_Problem requirements_: Ignoring the images, restate the records below word for word.

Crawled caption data

━━━━━━━━

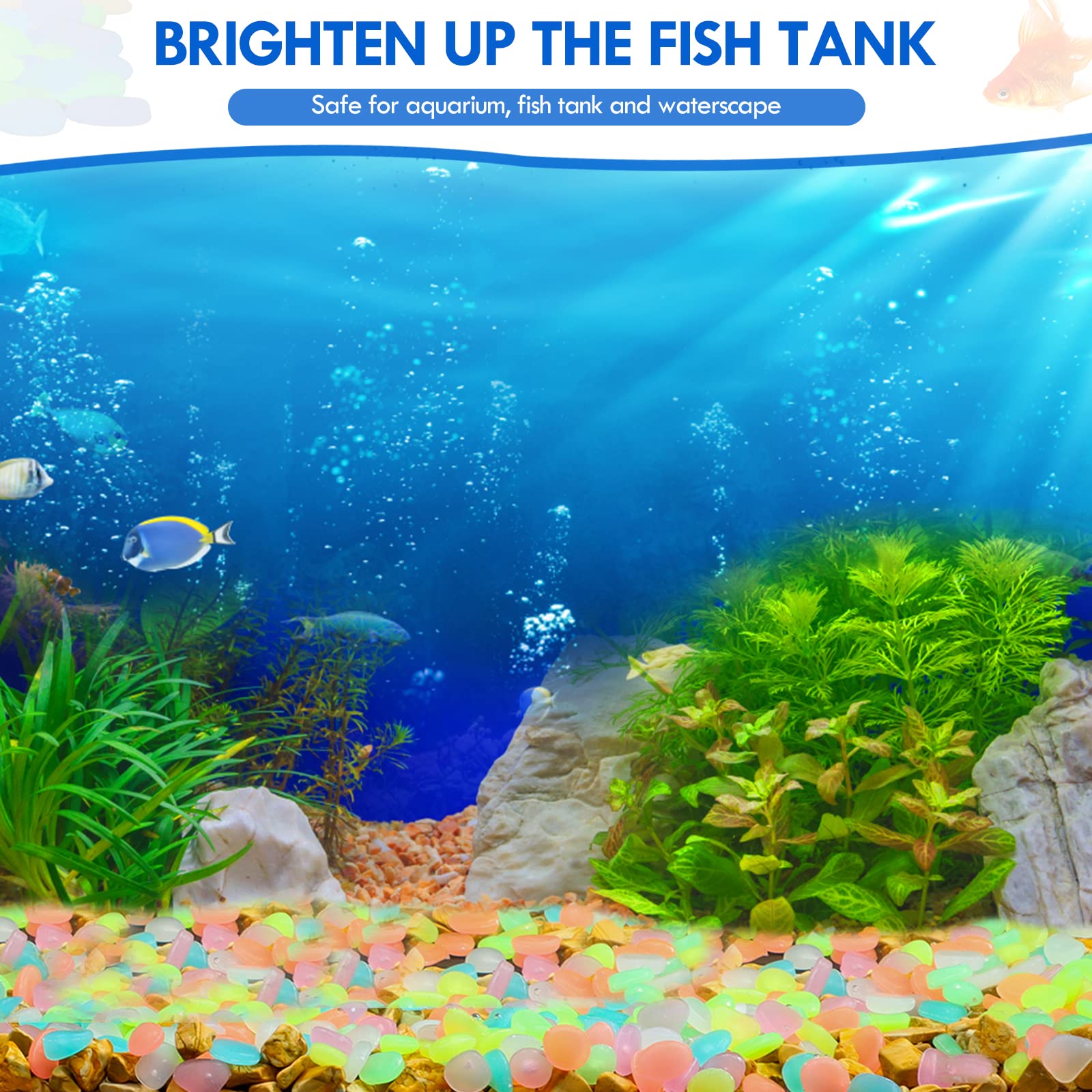 100Pcs Glow in the Dark Garden - огляд і ціна Aquarium Fish Guppy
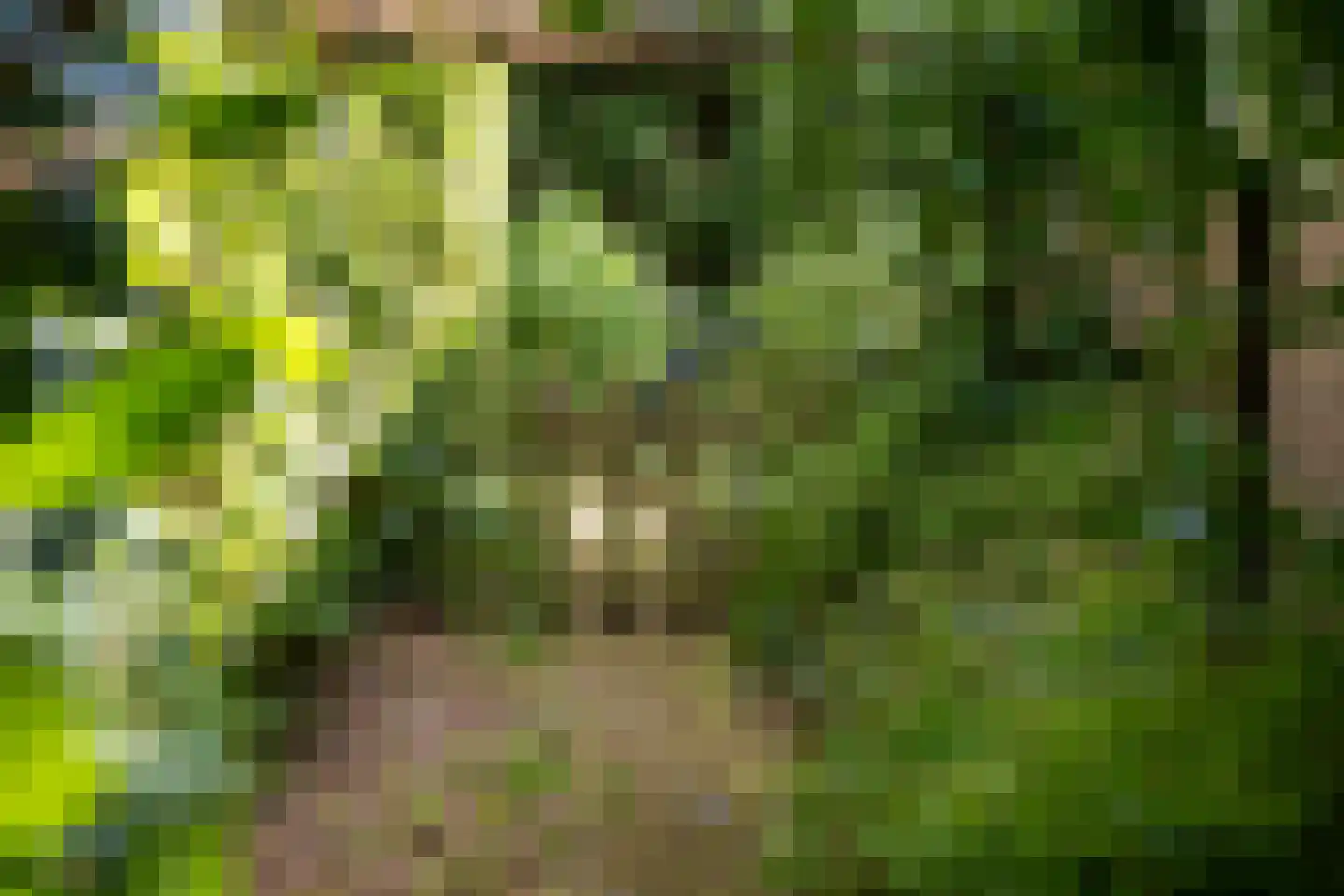 Dreyenseweg 8 A Oosterbeek thumbnail 72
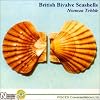 British Bivalve Seashells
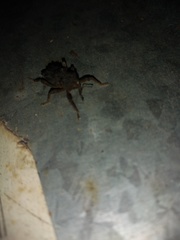 Poropterus posterius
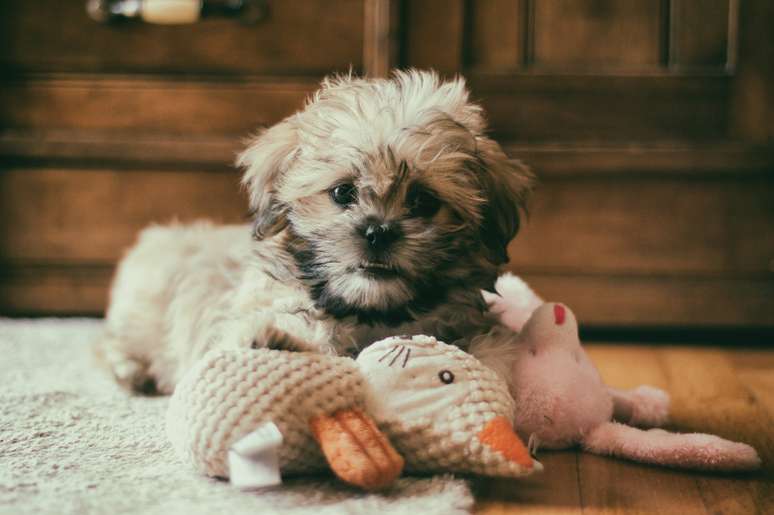 Shih Tzu com brinquedo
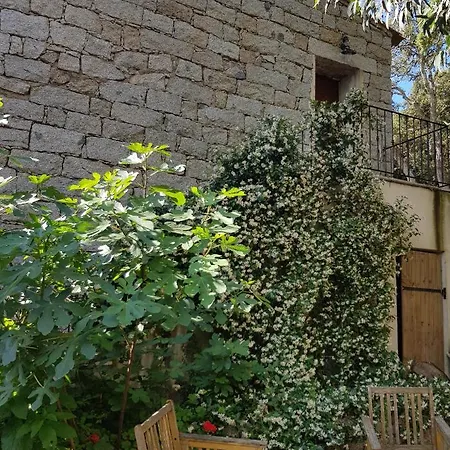 Couette-café D'hôtes Barraconu Porto-Vecchio (Corsica)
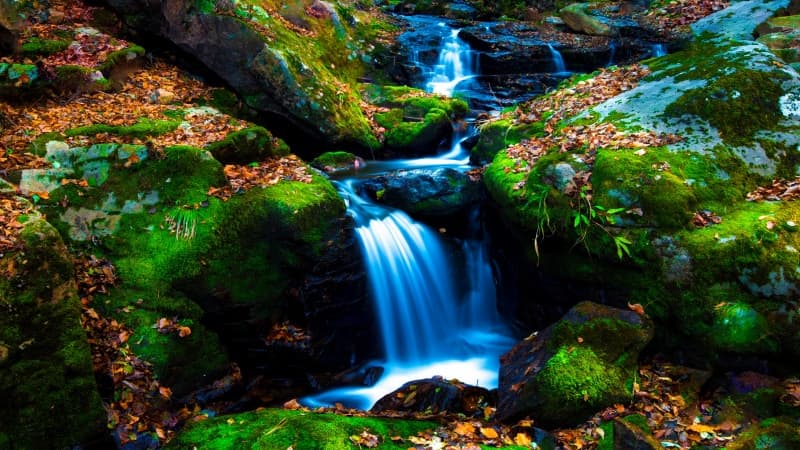 Mossy rocks Green Moss Wallpaper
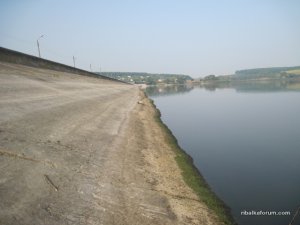 IMG_2814.JPG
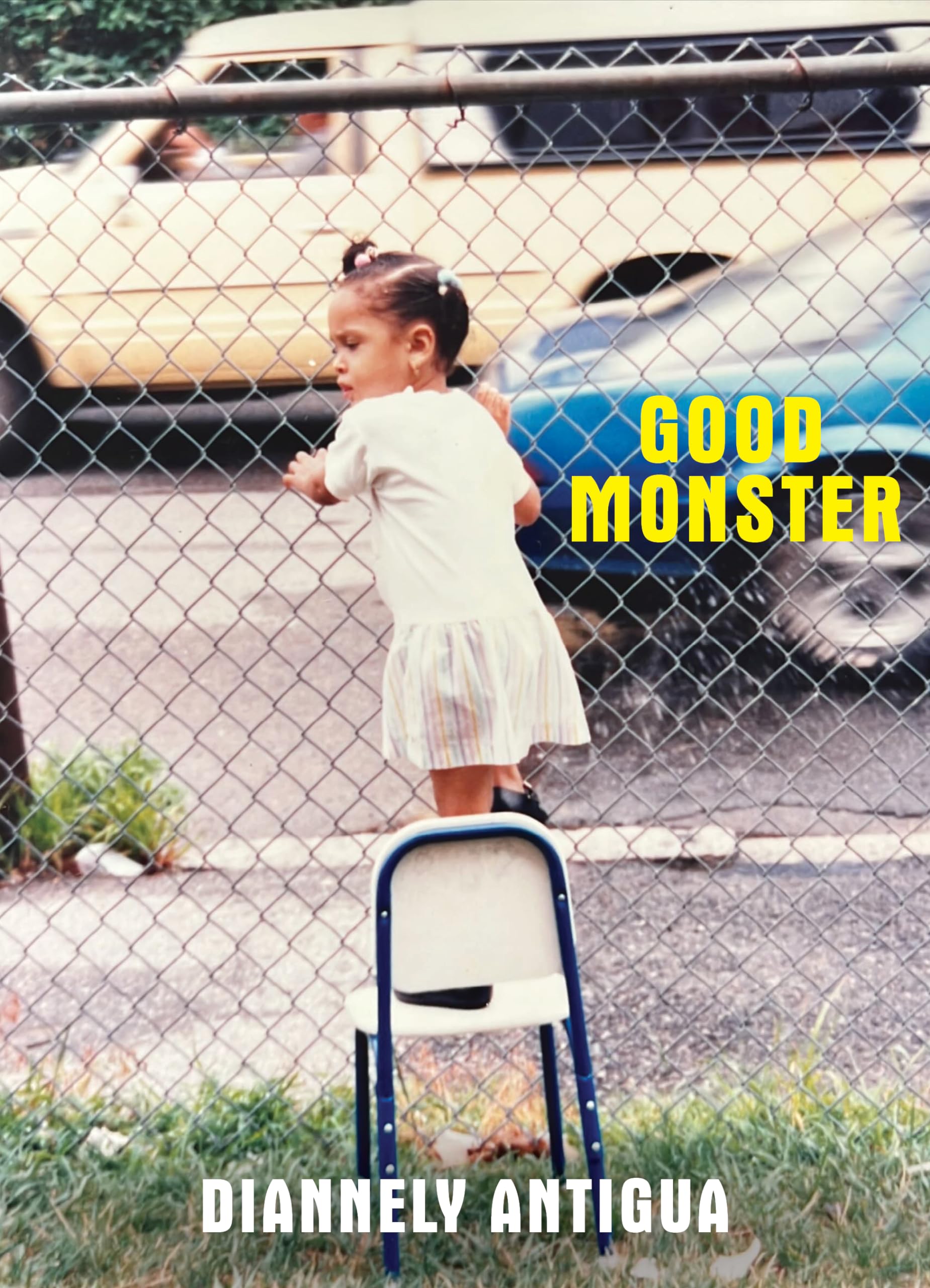 Contrast, Rumination, and Metamorphosis: Diannely Antigua's Good Monster - The Rumpus
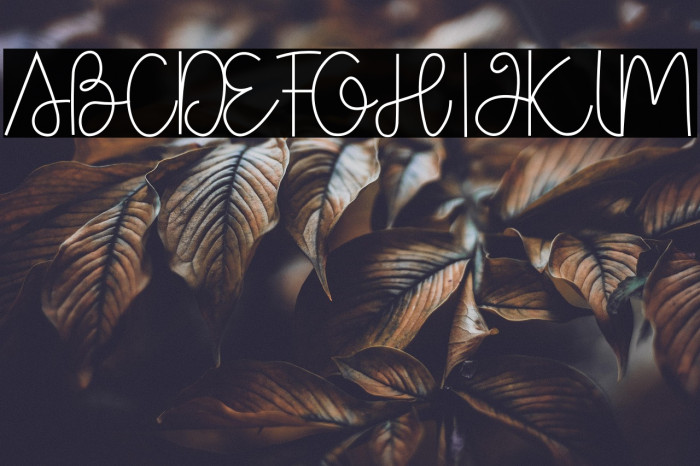 Box Spagethy Example 1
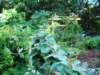 garden033_small.jpg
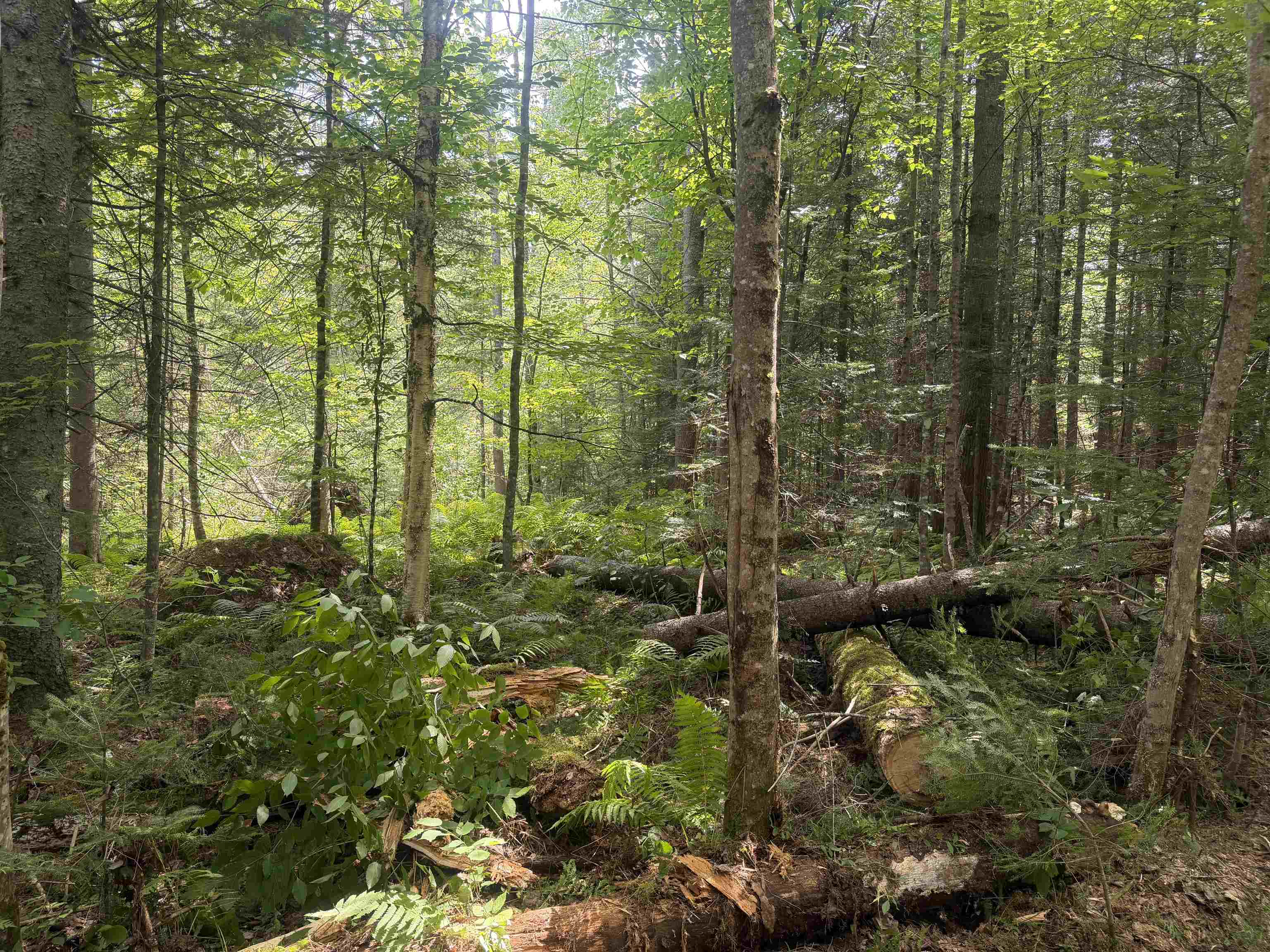 Varied Terrain/Fauna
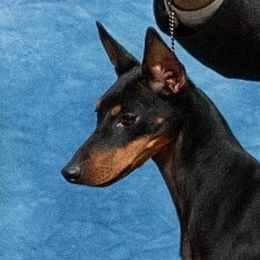 Lydia - Manchester Terrier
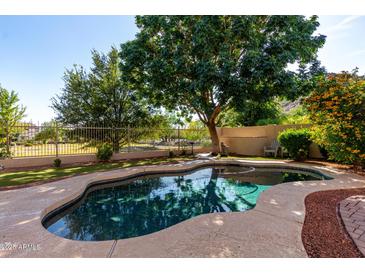 Backyard pool surrounded by mature trees and landscaping, offering a private oasis at 5423 W Range Mule Dr, Phoenix, AZ 85083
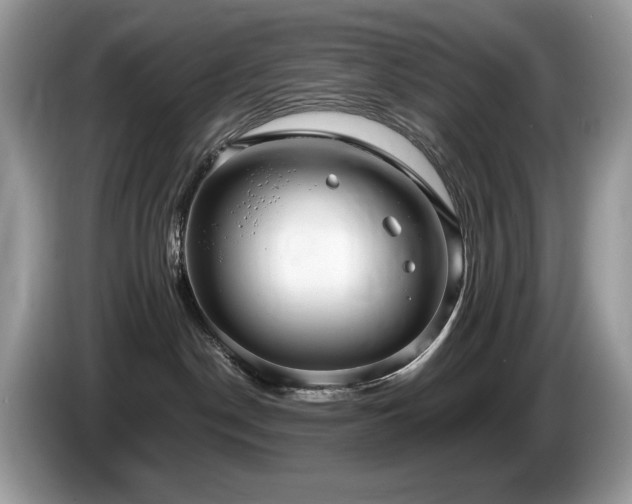X0000087580190200704271312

━━━━━━━━

_Exercise response_:
 100Pcs Glow in the Dark Garden - огляд і ціна Aquarium Fish Guppy
 Dreyenseweg 8 A Oosterbeek thumbnail 72
 British Bivalve Seashells
 Poropterus posterius
 Shih Tzu com brinquedo
 Couette-café D'hôtes Barraconu Porto-Vecchio (Corsica)
 Mossy rocks Green Moss Wallpaper
 IMG_2814.JPG
 Contrast, Rumination, and Metamorphosis: Diannely Antigua's Good Monster - The Rumpus
 Box Spagethy Example 1
 garden033_small.jpg
 Varied Terrain/Fauna
 Lydia - Manchester Terrier
 Backyard pool surrounded by mature trees and landscaping, offering a private oasis at 5423 W Range Mule Dr, Phoenix, AZ 85083
X0000087580190200704271312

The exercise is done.